RHEV environment: If a node on which the VM is running panics or is forcefully shutdown, VCS is unable to start the VM on another node

In a RHEV environment, if a node on which a virtual machine is running panics or is forcefully shutdown, the state of that virtual machine is not cleared. RHEV-M sets the VM to UNKNOWN state and VCS is unable to start this virtual machine on another node. You must initiate manual fencing in RHEV-M to clear the state.

This is not a VCS limitation because it is related to RHEV-M design. For more information, refer Red Hat Enterprise Virtualization Technical Guide.

To initiate manual fencing in RHEV-M and clearing the VM state

  1. In the RHEVMinfo attribute, set the UseManualRHEVMFencing key to 1.
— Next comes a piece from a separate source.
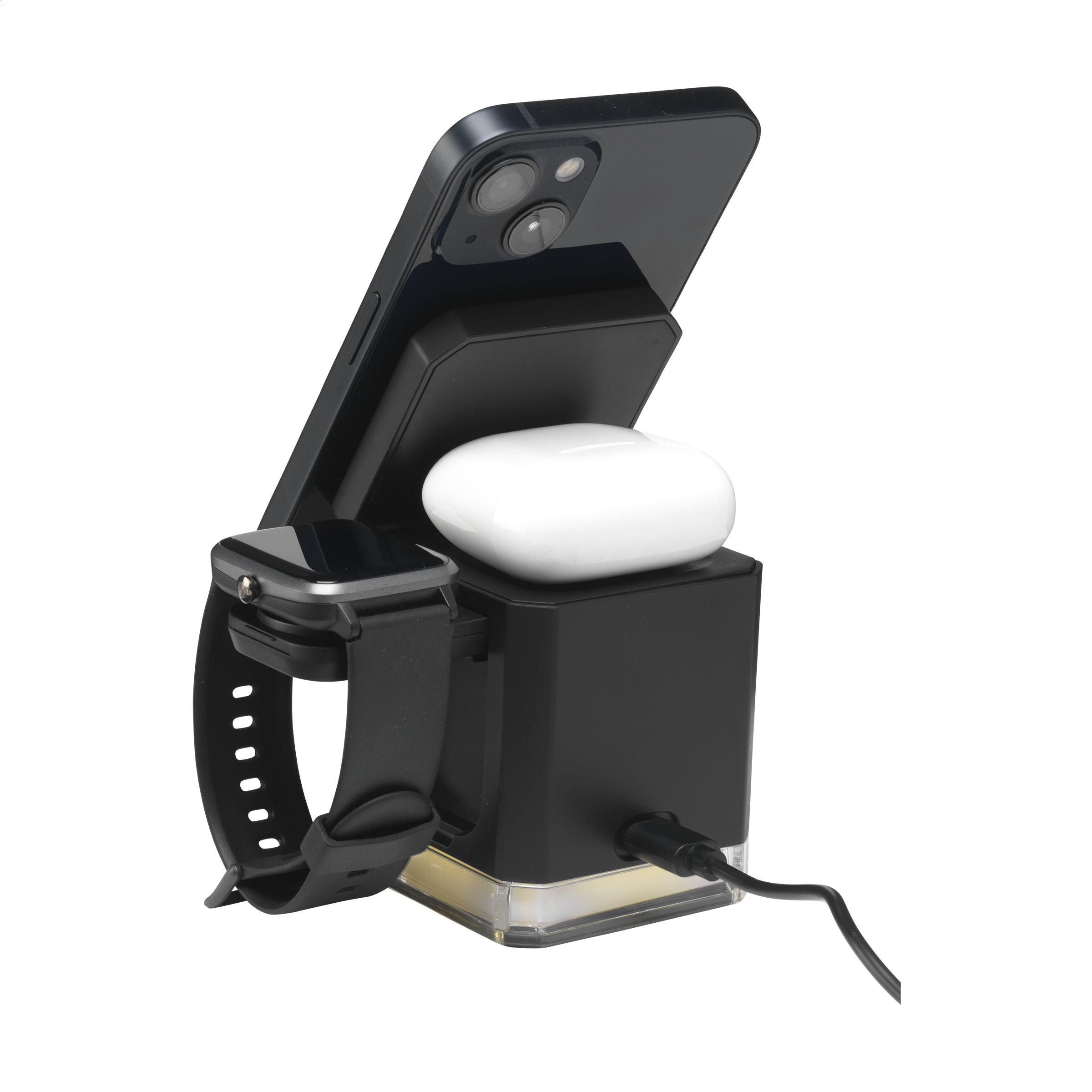 Cube Magsafe 3-In-1 Rcs Recycled Abs Charging Stand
    UseManualRHEVMFencing = 1

  2. Override the resource attribute:

    hares -override resource_name OnlineRetryLimit

  3. Modify the OnlineRetryLimit attribute value to 2:

    hares - modify resource_name OnlineRetryLimit 2

After you clear the state of the VM, VCS starts the VM on another node.

The following is a sample resource configuration of RHEV-based disaster recovery:

group rhev_sg (
        SystemList = { rhelh_a1 = 0, rhelh_a2 = 1 }
        TriggerPath ="bin/triggers/RHEVDR"
        PreOnline=1
        OnlineRetryLimit = 1
        )

KVMGuest rhev_fo (
        RHEVMInfo = { Enabled = 1, URL = 
         "https://192.168.72.11:443",
        User = "admin@internal",
        Password = flgLglGlgLglG,
        Cluster = RHEV-PRIM-CLUS,
        UseManualRHEVMFencing = 1 }
        GuestName = swvm02
        OnlineRetryLimit = 2
        )


// resource dependency tree
//
//      group rhev_sg
//      {
//      KVMGuest rhev_fo
//      }